Scientists at the London School of Hygiene & Tropical Medicine have been producing high quality research to identify and understand AMR mechanisms, clinical management, economic and social impact. This launch event aims to illustrate and stimulate multi- and inter-disciplinary and international engagements in AMR research across the School.

Two panel sessions will provoke discussion on (1) the values of different disciplinary approaches to AMR research, and (2) the ways in which disciplines can effectively work together to address AMR. Pannellists will comprise the Antimicrobial Resistance Centre’s five Heads of Disciplines and three prominent researchers who currently lead interdisciplinary and international AMR projects at LSHTM.

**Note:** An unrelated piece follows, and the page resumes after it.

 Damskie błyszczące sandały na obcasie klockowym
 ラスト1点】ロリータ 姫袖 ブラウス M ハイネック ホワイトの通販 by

The event will close with a keynote talk from Professor Dame Sally Davies, Chief Medical Officer for the United Kingdom. Dame Sally has been at the forefront of an international campaign for action on antimicrobial resistance, leading to the United Nations General Assembly declaration in September 2016. She will challenge us to consider areas of most urgent need for research, and will reflect on the needs for science that draws across different disciplinary perspectives and that engages with the range of settings in which AMR needs to be addressed around the globe.

Participants are then invited to a networking reception to make connections across disciplinary and geographic boundaries, seeking topics of mutual concern which may benefit from engaging with different perspectives. The Centre’s Heads of Disciplines will also be available to discuss disciplinary-specific developments and ideas for the Centre.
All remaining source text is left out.